Il m’a fallu à peu près deux minutes pour que ces préventions soient levées. Féodor Atkine, la voix de ce livre audio, donne d’emblée une formidable composition qui colle à merveille à la poésie des lignes de Céline Minard. Ainsi se laisse-t-on bien vite embarquer dans les pas de Brad et Jeffrey qui, accompagnés de Josh, le fils de Brad, et d’une petite fille sillonne la Prairie avec leur chariot tiré par une paire de bœufs dans lequel leur vieille mère se meurt. Puis dans ceux d’Eau-qui-court-sur-la-plaine, l’indienne chamane et de Gifford, qu’elle a sauvé et qu’elle initie aux secrets de la Prairie ; dans les pas aussi d’Elie, le voleur de chevaux et de Bird Boisverd le propriétaire en colère d’une monture dérobée, et dans ceux de Zebulon, le cowboy flegmatique qui fuit on ne sait quoi, ou encore d’Arcadia la violoncelliste dépossédée de son archet.

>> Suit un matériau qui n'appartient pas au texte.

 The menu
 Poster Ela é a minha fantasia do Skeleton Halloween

Céline Minard tire cette multitude de fils convergeant vers la petite ville perdue au milieu des Grandes Plaines où Sally tient le saloon et bordel, où Nils élève ses moutons particulièrement velus, ou Silas le barbier espère le client en quête d’un semblant de propreté et où Stan le boucher sert son irish stew douteux. Cette petite ville de tous les possibles dans laquelle chacun va pouvoir chercher à se réaliser, à vivre son rêve, mais où le chemin risque aussi de s’achever brutalement.
Faillir être flingué allie avec bonheur l’écriture de Céline Minard dans laquelle chaque mot est pesé afin d’être à la fois précis et beau et le recyclage des mythes de l’Ouest tels qu’ils nous sont parvenus par le biais de la littérature et du cinéma. Faillir être flingué, c’est un condensé de Danse avec les loups, du Deadwood de Pete Dexter, de western spaghetti (ah ! ce dialogue autour d’une paire de bottes que l’on se dispute !), de Little Big Man et de La horde sauvage. Passées à la moulinette de l’imagination de Céline Minard, ces références, au bout du compte, aboutissent à une sauce qui se lie à merveille pour nous offrir malgré tout une œuvre éminemment originale qui se joue des clichés en jouant avec. C’est beau, émouvant, hilarant, violent et doté d’une véritable force épique. C’est un vrai bon western.
Céline Minard, Faillir être flingué, Rivages, 2013. Rééd. Rivages poche, 2015 et Audiolib 2015.